Buy More Cake

Get Yourself to a Theatre.

Jacob Citron

11/7/20254 min read

Listen here, or read below

Buy More Cake!

I found myself shouting gleefully at the end of the latest live production I saw: “Child-ish” (created by Sunny Drake) at the Tarragon theatre in Toronto.

I belong to a group of young professionals that are part of a theatre club hosted at the venue.

The Tarragon is a hidden gem. Its mission is pretty straightforward, being the premiere stop for emerging Canadian plays and playwrights. Their shows are almost always new, and typically really good. Even the one or two pieces a year I inevitably end up disliking still give me a lot to think about. I’ve been a subscriber for a decade.

Theatre is my favourite art form. It is eternal. As long as humans have been human we have been sharing stories. It won’t be as flashy as the latest Marvel movie - but the intimacy achieved by seeing a good play, and not having the option to turn it off, is so precious. Unlike Marvel, it doesn’t get stale after repeating the same structure. When you get to see something completely unique, directed and curated, but not synthetically altered or prescribed- it is a welcome change to the tried and true repetitive formula that comes when you fire up Netflix. For example, the show last night had an actor drop out at the last minute due to family reasons. So in a heroic effort, one of the production crew had to get scrappy - literally pick up a script, and perform in the show. It was something I had never seen before, and it worked!

There is a purity to theatre, an earnestness and trust that is established in the space. A film is strictly about you watching them. A play is about us. There is a tangible exchange of energy between performer and audience that affects the outcome of the experience. Good performers, bring out the best in audiences. Good audiences bring out the best in performers. I am a believer thatI have a job to do as an audience member. I paid for the privilege to be there, but I will let myself go and laugh a little harder. It helps. It gives others permission, and it signals to the performer that they are doing a great job.

Unlike many other art forms - they need you as much as you need them.

In the era of social media, quick hitters, pause buttons, swiping away, messages that fit 140 characters or less - live theatre provides us with an outlet where you are forced to reckon with ideas that don’t necessarily take centre stage in your life.

My favourite plays tend to explore ideas, issues, and arguments in nuanced ways. You might not like what they have to say but it’s good to listen nonetheless. You can think, relate, judge, sympathize or even hate. It’s all permitted.

You can sit and share in discomfort. You can be confronted with the emotions that elude us. You can learn, you can remember to be a human being.

I’d like to think that theatre will have its own version of the vinyl record resurgence. What’s more with the theatre is that it provides a platform for shared experience, diverse connection, and story telling across generations.
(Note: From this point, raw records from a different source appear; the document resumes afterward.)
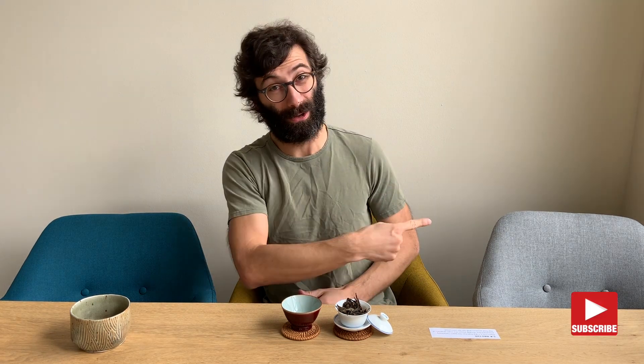Hi guys, this is Gabriele from Nanno Shan, where we share the pleasure of drinking and discovering genuine farm tea. If you're new to our channel and you're looking to expand your tea knowledge and brewing skills, make sure to click on the subscribe button.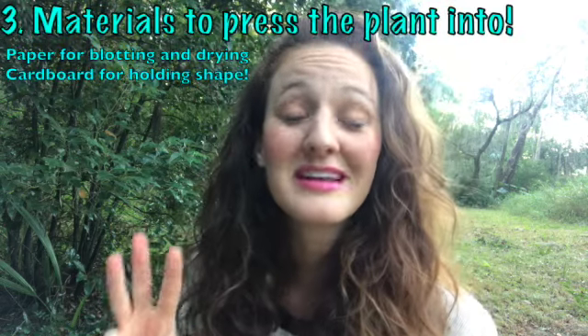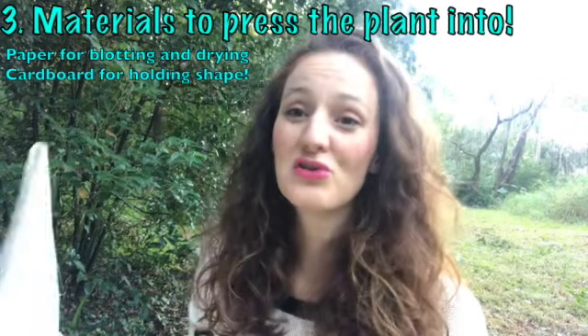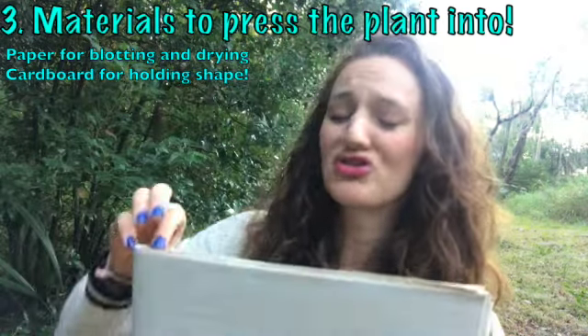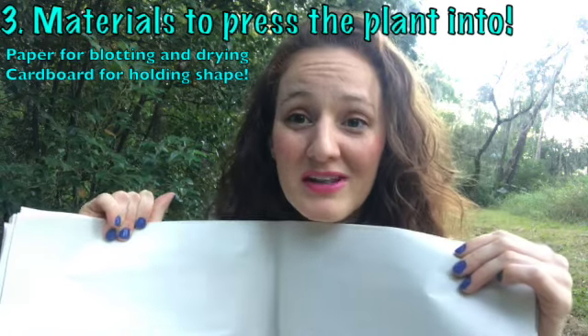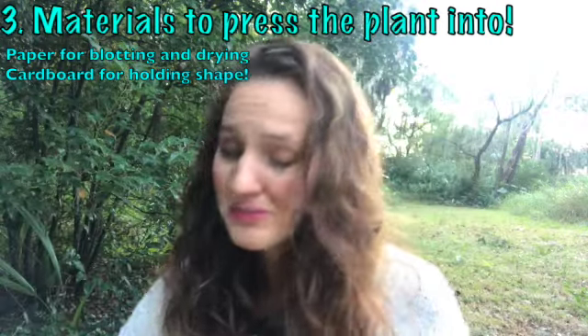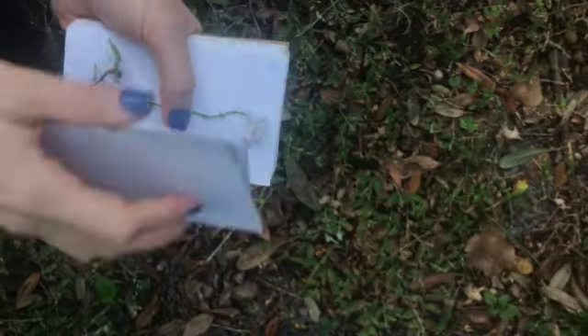Number three, you'll need something to press your plants into. You can use newspaper or large butcher paper, blotting paper, construction paper, or even just white paper that you have at home. And then we'll hold them sturdy with pieces of cardboard. Another option is to make a mini plant press — I used cardboard from a pizza box and old index cards to hold my plants in.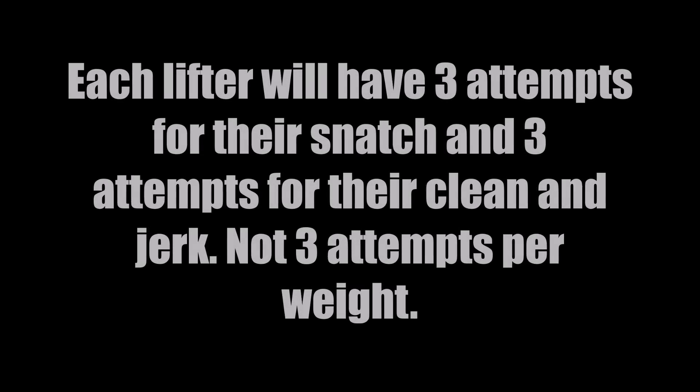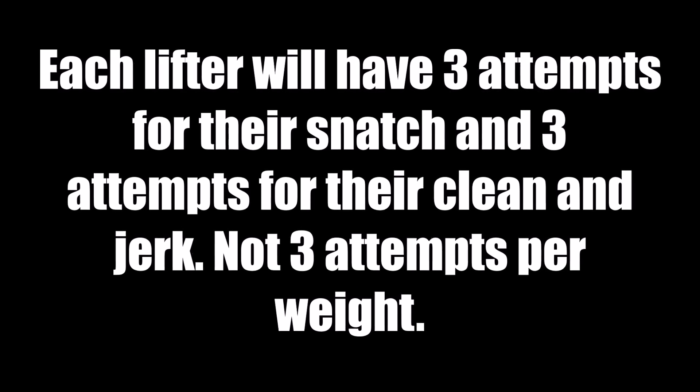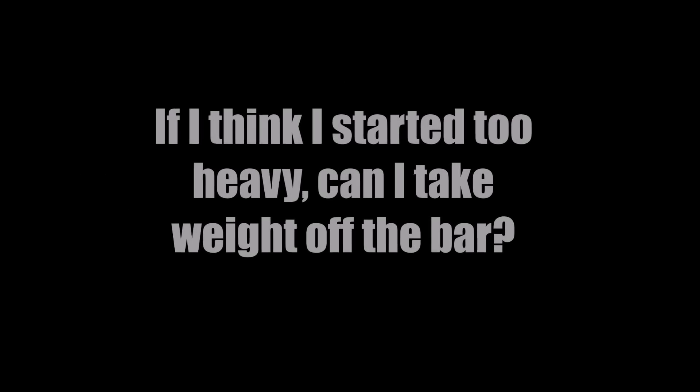You get three attempts. If you miss your first attempt you can have that same weight for your second attempt, or you can put more weight on. If you miss that one, you get a third attempt. The weight does not go down — the weight only goes up. So if you start off too heavy, you have three attempts to get it. Be conservative.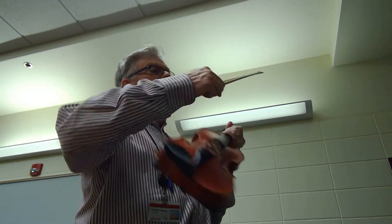Okay, second violins. This is the Grave section of the Overture of the Messiah by George Frederick Handel.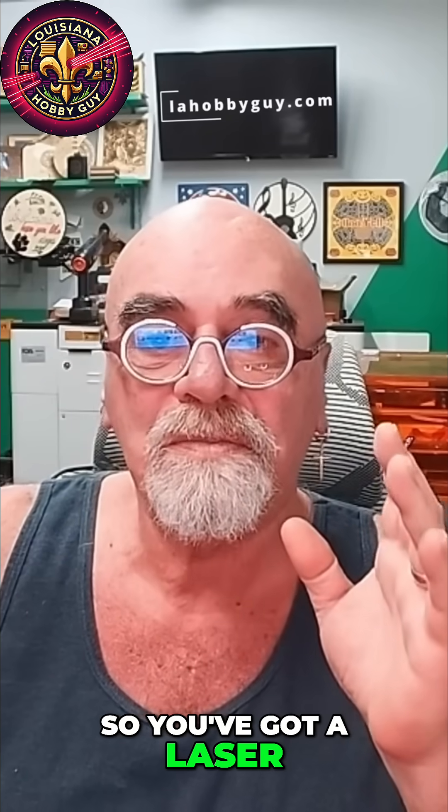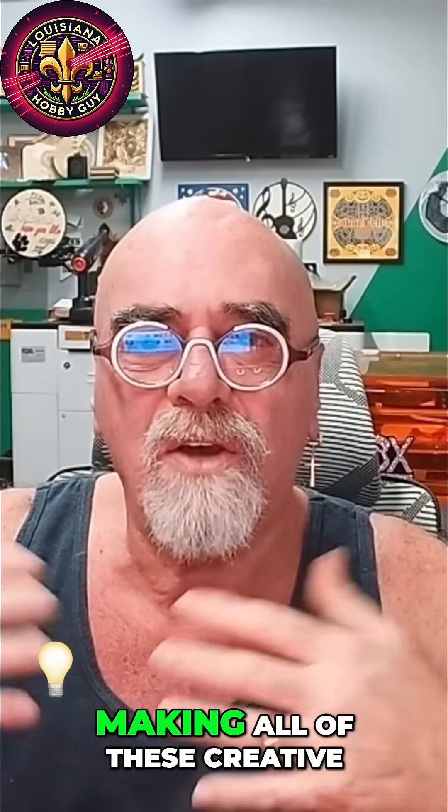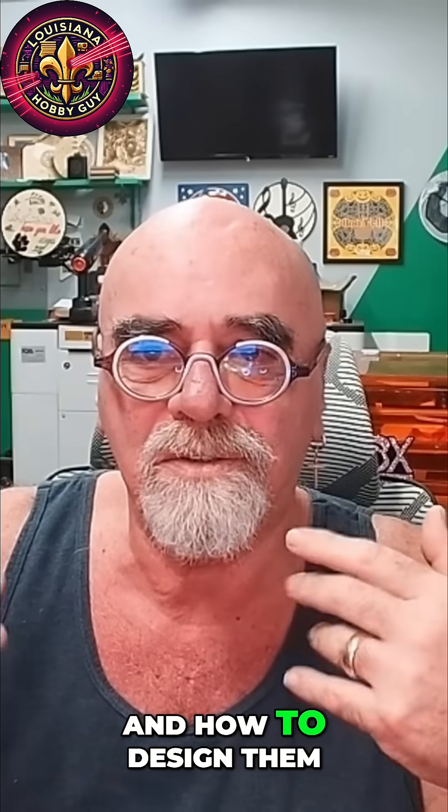So, you've got a laser, and you see all of these other makers online on YouTube and Facebook groups making all of these creative, fun projects, but you're not quite sure where to start and how to design them.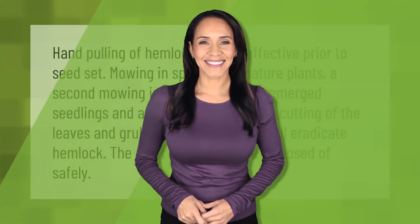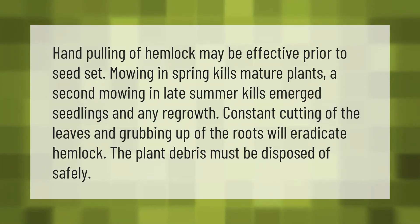Hand pulling of hemlock may be effective prior to seed set. Mowing in spring kills mature plants; a second mowing in late summer kills emerged seedlings and any regrowth. Constant cutting of the leaves and grubbing up of the roots will eradicate hemlock. The plant debris must be disposed of safely.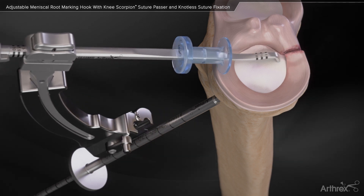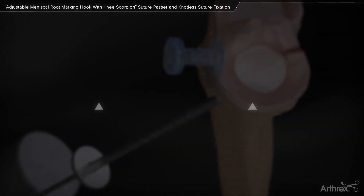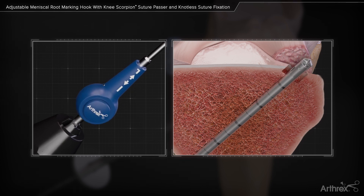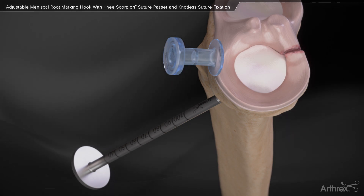Remove the drill guide, maintaining the drill sleeve on the tibia. Engage the cutting tip. Use the flip cutter to decorticate the bone in the area of root attachment. Slowly advance the flip cutter back into the joint and straighten the cutting tip.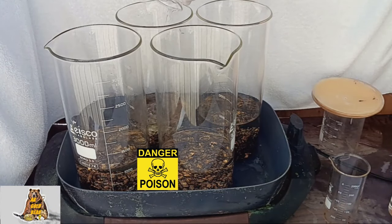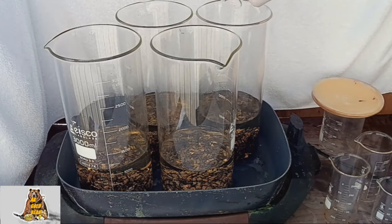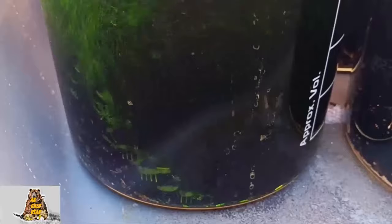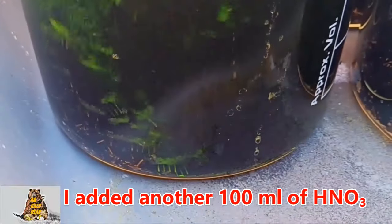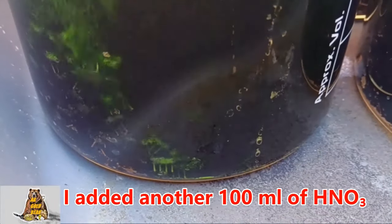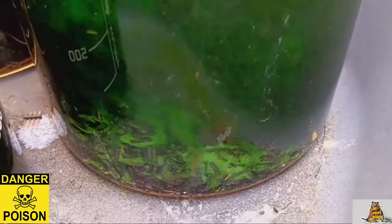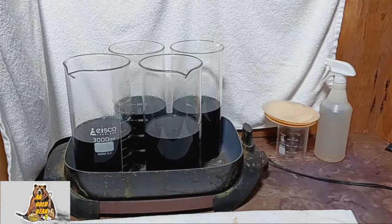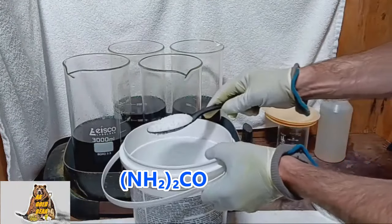Little by little, no need to hurry. The pins are dissolving pretty quickly, and that's good. I added another 100 milliliters of nitric acid. Everything dissolved in 3 hours. Now I need to neutralize the nitric acid with urea.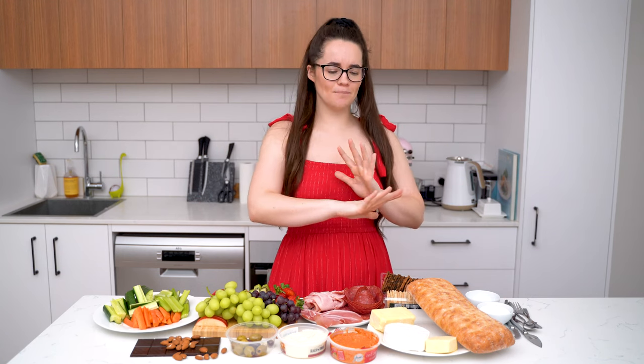Hey guys, welcome to another episode of Elisa's Eats and today I'm going to show you how to make a charcuterie board or a grazing platter. They are so delicious and so simple. They always look beautiful at a table for a party or wedding or anything else. I've made some huge ones before and they're so much fun.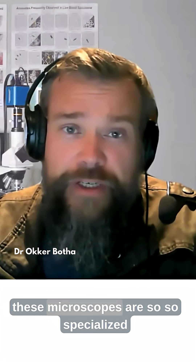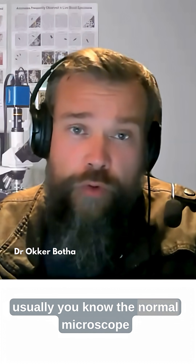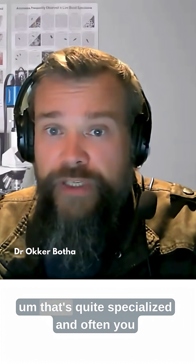Because these microscopes are so specialized, usually the normal microscope technicians don't actually know how to properly set these microscopes up for dark field. That's quite specialized.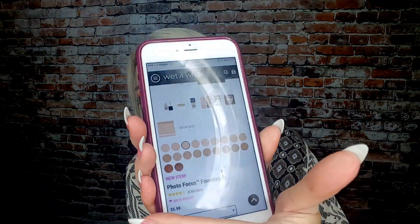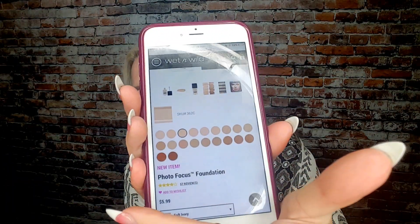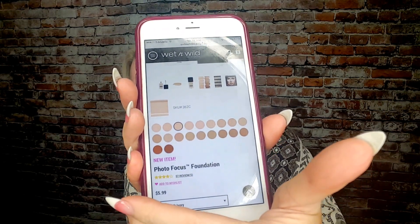On the Wet n' Wild website, it is $5.99. And on the website they have — let me count — 20 different colors. So there you go on that.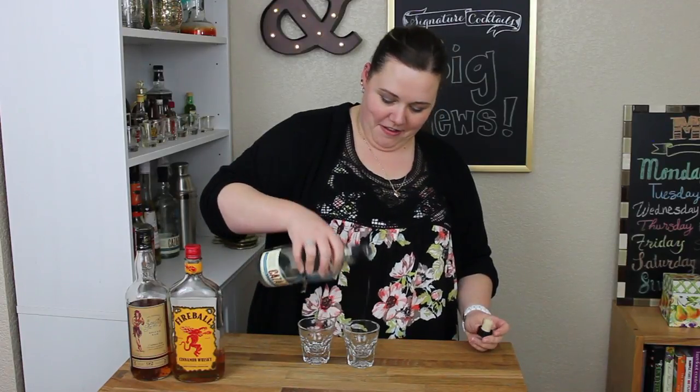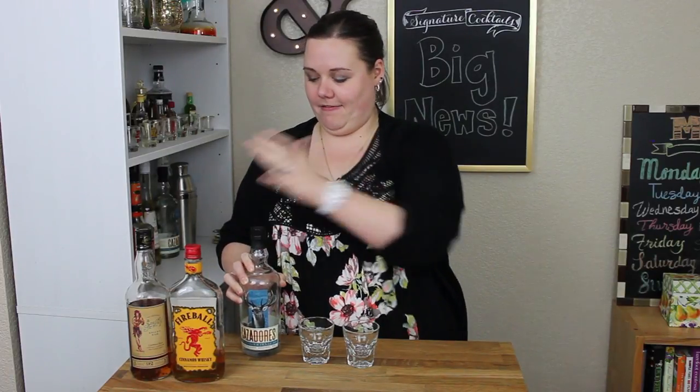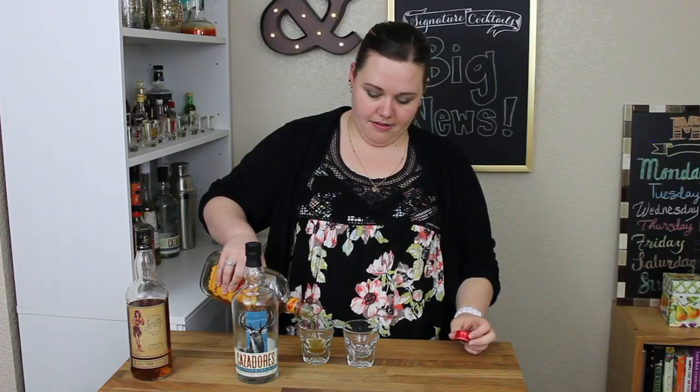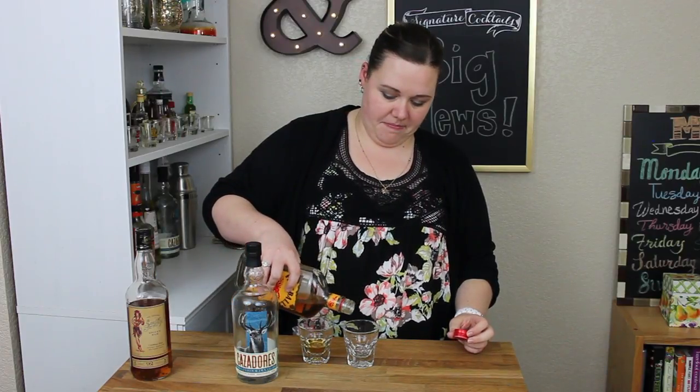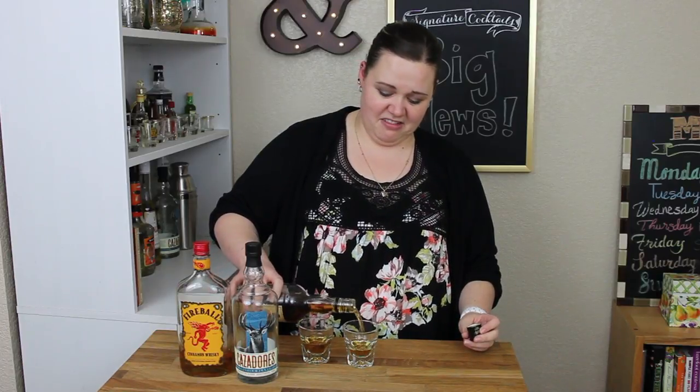No! No! It should be nice. I'm gonna need this one. He's in smaller glasses. Cheers.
You have a meeting ground, a venue to see art, a building to run into old acquaintances. You have a space for your children to learn to be bold and express themselves. Sometimes it is a a space where you remember what it was like to be a child.

Child-ish expertly transports us back into the mind of a child. There is an absurdity to seeing distinguished professionals be the conduit for such earnest, nonsensical dialogue. Though within the nonsense there is intense wisdom. The words are often utopian ideals in the minds of very young people who haven’t seen them tested. On the other hand they are spoken by the mouths of story tellers that want to believe them, and do - but maybe only sometimes. There is joyous glee in seeing a fully grown man shouting “buy more cake!”

While watching the show, I often found myself thinking: these kids aren’t really a tabula rasa - they are already influenced. Their perspectives have been warped by parents, teachers, youtube, etc. They’ve had the ideas implanted in them, and those ideas have begun to germinate and carry with them history and political agendas. Do we ever have true free thought or autonomy? Or does everyone’s world view boil down to influence, experience, and relativity? Forgive me, I like to get metaphysical.

I have no clue if this was what the playwright had in mind when Sunny Drake was writing Child-ish, but the point is - I sure as hell was not pursuing this line of thought on my way into the show 90 minutes earlier. I have gained perspective.

Like so many things in life, the more you give, the more you get. Theatre is no exception. You learn the language as you see more shows. You build up a vocabulary of theatre. You start to compare and contract shows you’ve seen in the past. The beauty of it is there’s no right and wrong. You just get to think and feel whatever you want to think and feel.

Although, there are times when an audience arrives at that elusive catharsis. The shared experience where everyone in an audience is feeling the exact same thing at the exact same time. A mutual experience of profound emotion and understanding. An emotional release, and a conduit to the core of the human experience.

All this is to say, go see some theatre. It’s affordable and impactful, and it will make you feel a little more human. Oh, and I would be remiss if I didn’t remind you to buy more cake!